| DIRECTIONS |
Could you write out, exactly as they stand, only the lines in the listing below from the line with "Pure white 12ml - Image 4" to the line with "Certified 2025 Mercedes-Benz", both ends included, without the pictures?

| GIVEN INFORMATION |
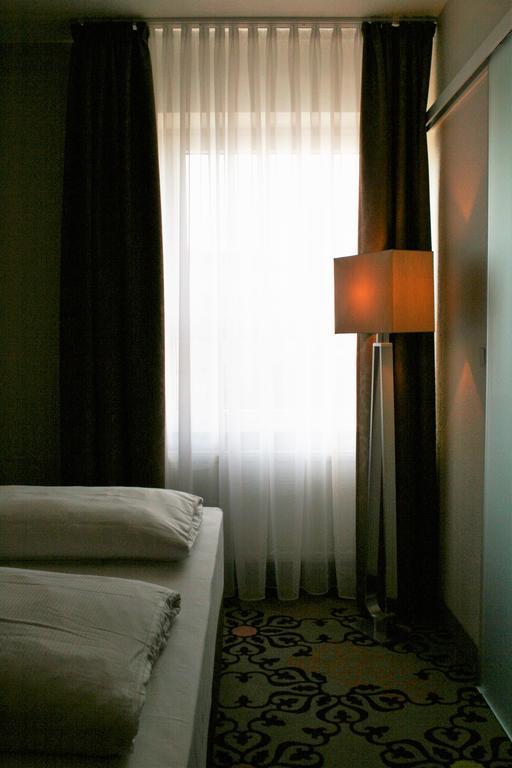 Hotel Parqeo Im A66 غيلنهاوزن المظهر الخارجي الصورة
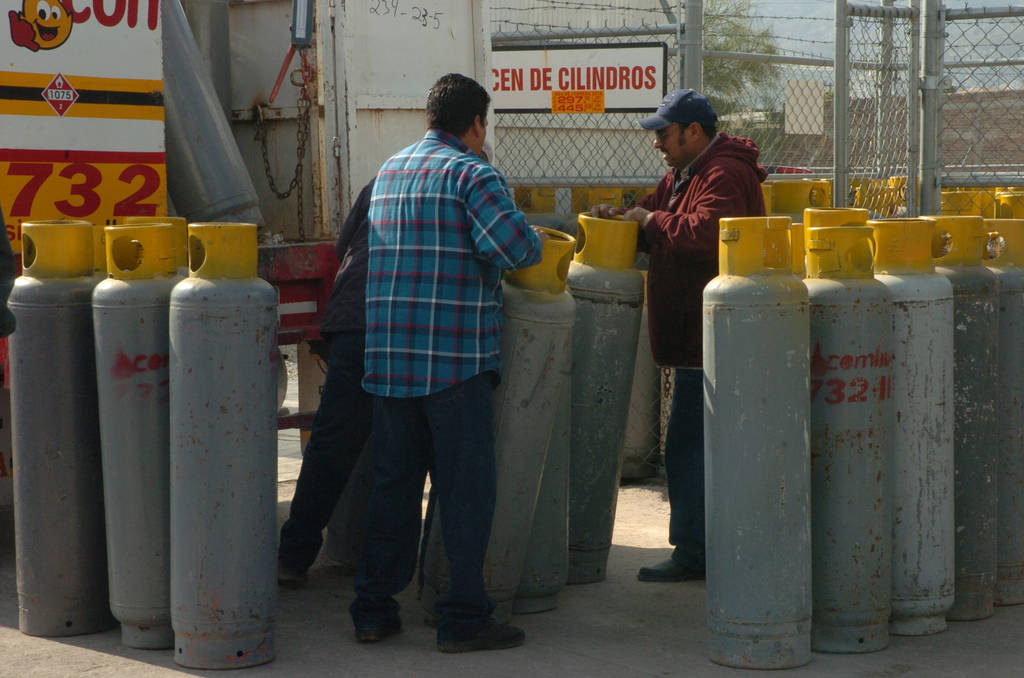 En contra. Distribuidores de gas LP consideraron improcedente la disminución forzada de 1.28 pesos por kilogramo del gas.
...
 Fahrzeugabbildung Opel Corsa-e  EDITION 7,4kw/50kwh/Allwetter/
==
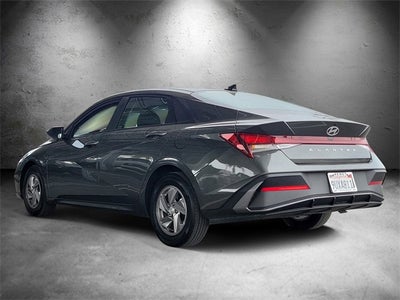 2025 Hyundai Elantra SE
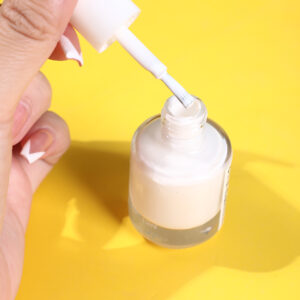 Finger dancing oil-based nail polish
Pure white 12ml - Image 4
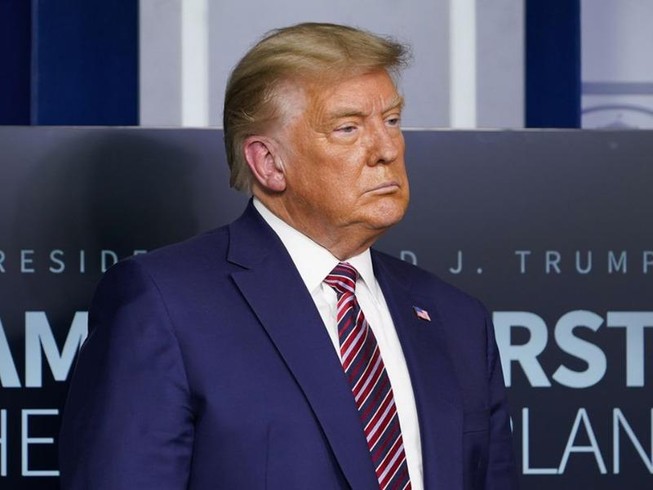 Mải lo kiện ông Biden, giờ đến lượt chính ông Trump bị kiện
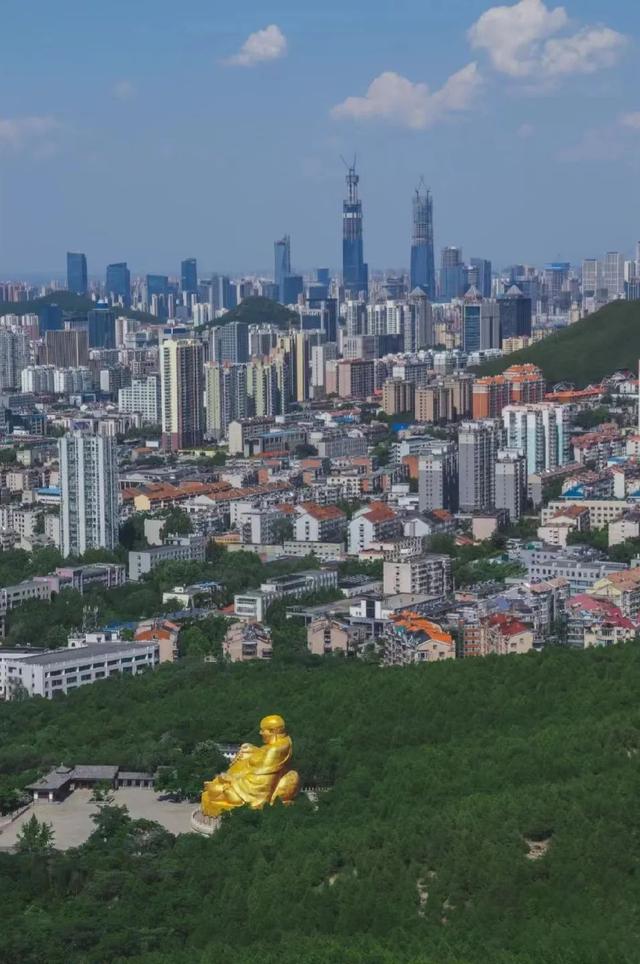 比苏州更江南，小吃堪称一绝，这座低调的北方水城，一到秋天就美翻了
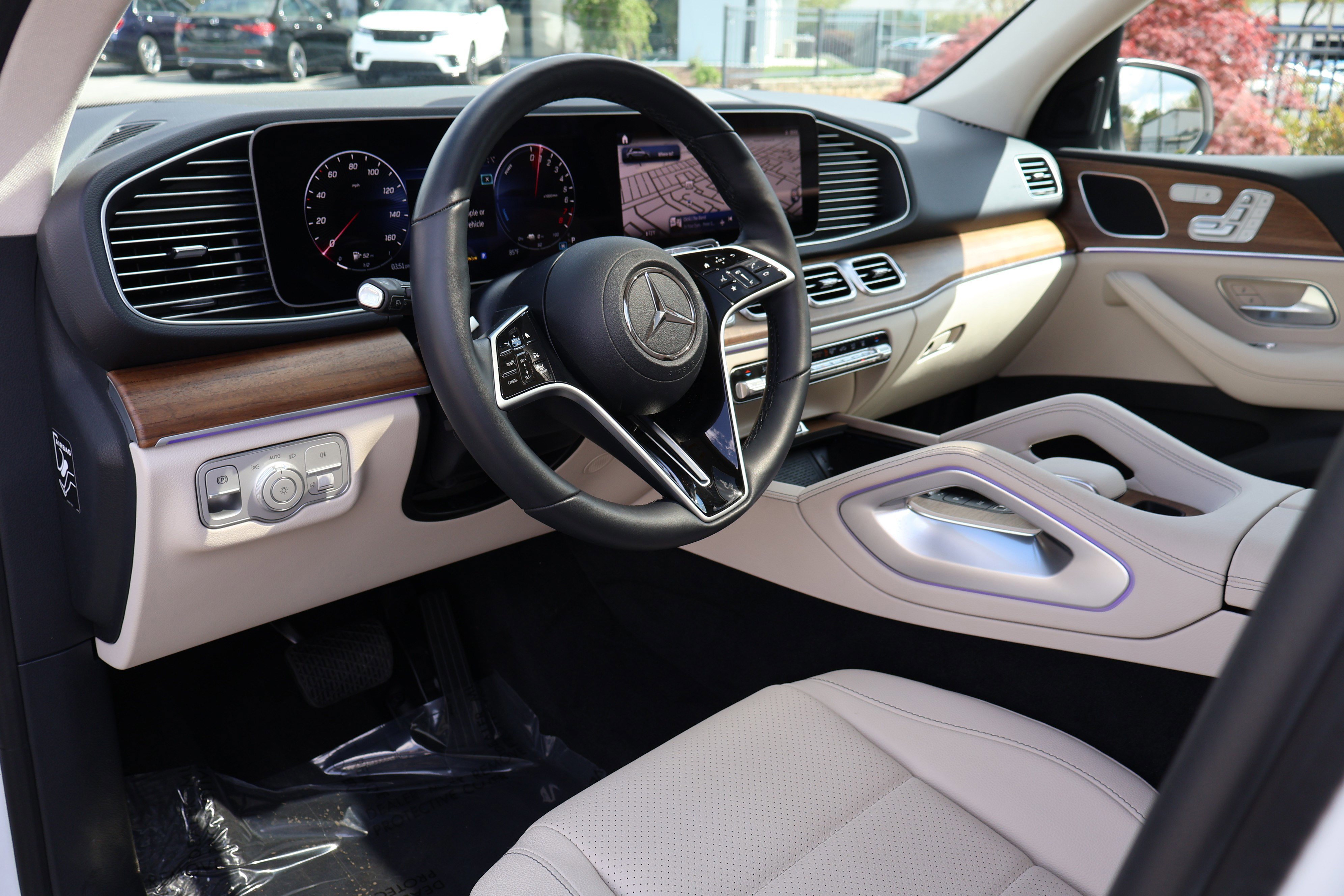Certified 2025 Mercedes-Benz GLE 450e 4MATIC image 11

| TASK RESULT |
Pure white 12ml - Image 4
 Mải lo kiện ông Biden, giờ đến lượt chính ông Trump bị kiện
 比苏州更江南，小吃堪称一绝，这座低调的北方水城，一到秋天就美翻了
Certified 2025 Mercedes-Benz GLE 450e 4MATIC image 11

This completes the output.